The researchers did note some limitations to the study, including that data may be incomplete owing to reporting delays, that control group data were missing and that COVID-19 could still have been a contributing cause of death for these cardiovascular cases. The patterns may, in part, reflect the cardiovascular sequelae of undiagnosed COVID-19, they clarified.
However, Wadhera stressed in an accompanying press statement released online on Monday, “Our findings suggest that the pandemic may have had an indirect toll on patients with cardiovascular disease, potentially due to the avoidance of hospitals out of fear of exposure to the virus, increased health care system strain, and the deferral of semi-elective procedures and care.”
Further studies are now needed to clarify the extent to which cardiovascular death rates are affected by hospital avoidance over fear of contracting the virus, deferred outpatient and procedural care, strain imposed on healthcare systems and by disease related to undiagnosed COVID-19 infection, the researchers urged.
“U.S. public health officials and policymakers should improve public health messaging to encourage patients with acute conditions to seek medical care,” Wadhera added.

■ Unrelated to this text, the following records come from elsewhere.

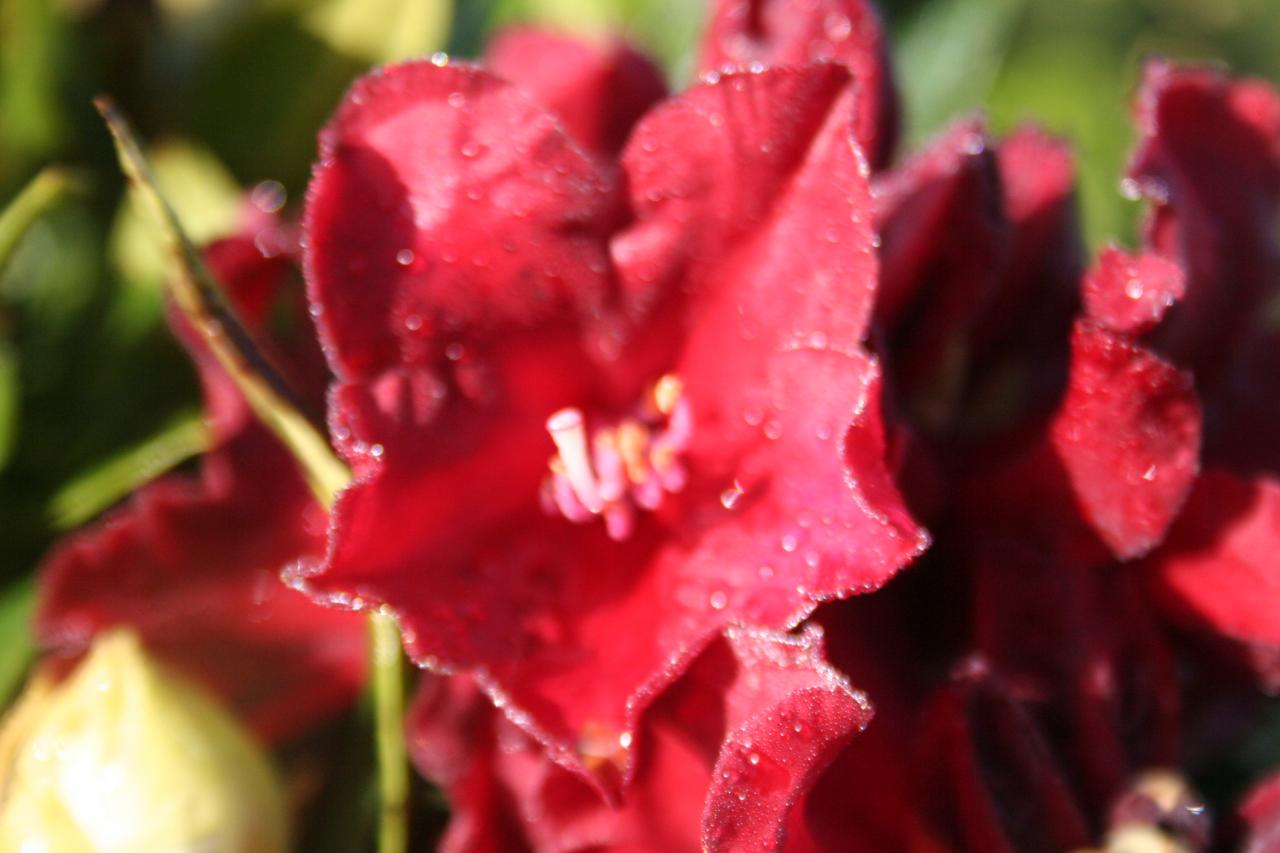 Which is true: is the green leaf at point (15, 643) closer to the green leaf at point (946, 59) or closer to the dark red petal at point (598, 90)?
the dark red petal at point (598, 90)

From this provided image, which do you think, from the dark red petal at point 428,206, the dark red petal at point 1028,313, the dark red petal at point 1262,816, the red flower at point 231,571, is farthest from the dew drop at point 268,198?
the dark red petal at point 1262,816

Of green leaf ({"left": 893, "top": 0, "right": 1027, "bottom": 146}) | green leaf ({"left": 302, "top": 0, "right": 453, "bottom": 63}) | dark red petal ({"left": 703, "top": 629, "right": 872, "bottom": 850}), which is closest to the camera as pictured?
dark red petal ({"left": 703, "top": 629, "right": 872, "bottom": 850})

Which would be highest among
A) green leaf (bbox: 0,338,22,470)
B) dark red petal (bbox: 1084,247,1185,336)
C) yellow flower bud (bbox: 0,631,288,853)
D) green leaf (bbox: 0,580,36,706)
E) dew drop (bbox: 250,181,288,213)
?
dark red petal (bbox: 1084,247,1185,336)

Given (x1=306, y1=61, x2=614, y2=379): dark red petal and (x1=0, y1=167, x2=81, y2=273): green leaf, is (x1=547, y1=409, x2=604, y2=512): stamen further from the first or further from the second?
(x1=0, y1=167, x2=81, y2=273): green leaf

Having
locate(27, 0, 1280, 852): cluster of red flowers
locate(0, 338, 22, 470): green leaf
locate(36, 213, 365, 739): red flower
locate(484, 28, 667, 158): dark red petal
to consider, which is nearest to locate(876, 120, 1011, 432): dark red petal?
locate(27, 0, 1280, 852): cluster of red flowers

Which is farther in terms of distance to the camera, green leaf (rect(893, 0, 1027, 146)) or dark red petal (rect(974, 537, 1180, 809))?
green leaf (rect(893, 0, 1027, 146))

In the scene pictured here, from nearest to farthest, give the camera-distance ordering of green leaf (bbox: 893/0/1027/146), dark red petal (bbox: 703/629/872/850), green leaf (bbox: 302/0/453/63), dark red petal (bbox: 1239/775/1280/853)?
dark red petal (bbox: 703/629/872/850), dark red petal (bbox: 1239/775/1280/853), green leaf (bbox: 302/0/453/63), green leaf (bbox: 893/0/1027/146)

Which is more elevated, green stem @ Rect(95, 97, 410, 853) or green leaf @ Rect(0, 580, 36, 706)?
green stem @ Rect(95, 97, 410, 853) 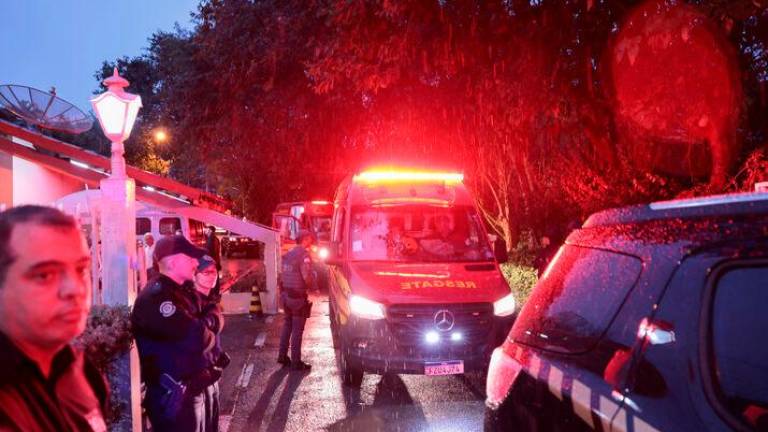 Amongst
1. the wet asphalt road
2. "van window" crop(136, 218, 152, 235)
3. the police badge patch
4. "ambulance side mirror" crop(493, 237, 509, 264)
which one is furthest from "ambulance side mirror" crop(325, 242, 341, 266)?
"van window" crop(136, 218, 152, 235)

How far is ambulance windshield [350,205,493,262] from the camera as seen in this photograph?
27.7ft

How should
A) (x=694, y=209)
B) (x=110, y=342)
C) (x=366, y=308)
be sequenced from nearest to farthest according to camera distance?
(x=694, y=209) → (x=110, y=342) → (x=366, y=308)

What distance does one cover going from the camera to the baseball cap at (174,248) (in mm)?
4340

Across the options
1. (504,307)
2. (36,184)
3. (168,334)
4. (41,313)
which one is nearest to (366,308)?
(504,307)

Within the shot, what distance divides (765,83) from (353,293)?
9.07 metres

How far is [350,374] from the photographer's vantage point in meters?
7.87

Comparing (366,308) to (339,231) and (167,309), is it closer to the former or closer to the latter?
(339,231)

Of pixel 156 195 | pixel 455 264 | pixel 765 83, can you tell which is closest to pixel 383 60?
pixel 455 264

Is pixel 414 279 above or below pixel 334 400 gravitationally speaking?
above

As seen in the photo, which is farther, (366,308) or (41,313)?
(366,308)

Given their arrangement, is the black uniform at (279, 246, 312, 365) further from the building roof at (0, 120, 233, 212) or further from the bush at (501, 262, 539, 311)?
the building roof at (0, 120, 233, 212)

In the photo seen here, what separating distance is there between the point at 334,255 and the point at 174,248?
13.7ft

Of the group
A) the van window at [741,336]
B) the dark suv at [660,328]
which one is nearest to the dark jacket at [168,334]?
the dark suv at [660,328]

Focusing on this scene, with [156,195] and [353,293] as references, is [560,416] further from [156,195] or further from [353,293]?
[156,195] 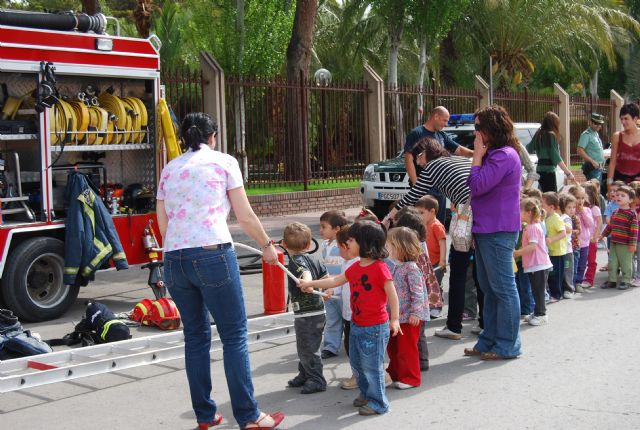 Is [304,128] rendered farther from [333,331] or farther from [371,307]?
[371,307]

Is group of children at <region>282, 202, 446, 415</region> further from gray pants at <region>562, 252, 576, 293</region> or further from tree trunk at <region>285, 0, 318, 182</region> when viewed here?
tree trunk at <region>285, 0, 318, 182</region>

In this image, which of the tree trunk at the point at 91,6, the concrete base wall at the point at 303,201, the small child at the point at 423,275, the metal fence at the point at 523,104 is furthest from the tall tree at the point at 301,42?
the small child at the point at 423,275

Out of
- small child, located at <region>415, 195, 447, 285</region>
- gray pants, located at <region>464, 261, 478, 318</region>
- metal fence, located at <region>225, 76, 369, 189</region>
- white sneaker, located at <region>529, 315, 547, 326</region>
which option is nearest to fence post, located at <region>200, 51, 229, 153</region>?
metal fence, located at <region>225, 76, 369, 189</region>

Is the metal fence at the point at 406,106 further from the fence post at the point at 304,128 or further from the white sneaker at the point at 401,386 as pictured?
the white sneaker at the point at 401,386

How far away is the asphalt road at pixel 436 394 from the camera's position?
218 inches

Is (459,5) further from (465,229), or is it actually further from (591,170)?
(465,229)

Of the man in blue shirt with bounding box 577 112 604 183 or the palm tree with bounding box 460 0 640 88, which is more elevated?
the palm tree with bounding box 460 0 640 88

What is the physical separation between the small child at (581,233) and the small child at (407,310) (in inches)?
172

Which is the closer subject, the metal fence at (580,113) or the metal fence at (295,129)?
the metal fence at (295,129)

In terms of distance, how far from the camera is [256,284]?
1106 centimetres

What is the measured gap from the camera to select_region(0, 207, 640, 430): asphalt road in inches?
218

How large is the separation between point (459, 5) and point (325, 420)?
21.1m

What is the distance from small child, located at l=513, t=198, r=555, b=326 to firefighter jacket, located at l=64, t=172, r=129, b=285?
13.2ft

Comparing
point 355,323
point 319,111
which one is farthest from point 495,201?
point 319,111
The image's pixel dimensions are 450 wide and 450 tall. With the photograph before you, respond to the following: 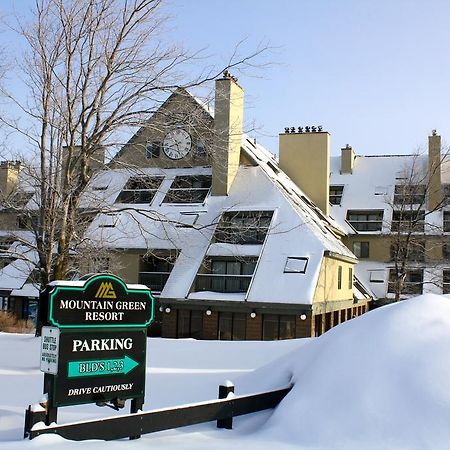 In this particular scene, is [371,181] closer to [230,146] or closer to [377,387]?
[230,146]

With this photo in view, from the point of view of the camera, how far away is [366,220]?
138 feet

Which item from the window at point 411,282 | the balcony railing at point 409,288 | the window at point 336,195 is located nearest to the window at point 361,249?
the window at point 411,282

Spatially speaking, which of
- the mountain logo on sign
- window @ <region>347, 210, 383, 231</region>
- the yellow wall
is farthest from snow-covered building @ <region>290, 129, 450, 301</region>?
the mountain logo on sign

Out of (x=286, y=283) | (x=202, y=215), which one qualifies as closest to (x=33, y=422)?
(x=286, y=283)

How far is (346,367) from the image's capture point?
7.52 metres

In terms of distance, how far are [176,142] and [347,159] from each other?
34.1m

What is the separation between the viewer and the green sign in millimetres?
6492

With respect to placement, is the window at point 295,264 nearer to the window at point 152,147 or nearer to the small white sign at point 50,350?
the window at point 152,147

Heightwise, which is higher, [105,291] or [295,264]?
[295,264]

Editorialists led by Michael N. Young, MD, of Dartmouth-Hitchcock Medical Center, New Hampshire, commended the researchers for the data.
“Prolonged delays in outpatient testing, procedures, and follow-up may impose unanticipated burdens on the access to and delivery of care with uncertain long-term implications,” they said in an accompanying editorial.
“It is possible that we will inherit a population of COVID survivors with long-term lung injury, cardiomyopathy, and venous thromboembolic disease.”
Wadhera RK, Shen C, Gondi S, et al. Cardiovascular Deaths During the COVID-19 Pandemic in the United States. J Am Coll Cardiol 2021;77:159-69.
Young MN, Iribarne A, Malenka D. COVID-19 and Cardiovascular Health: This Is a Public Service Announcement. J Am Coll Cardiol;2021;77:170-2.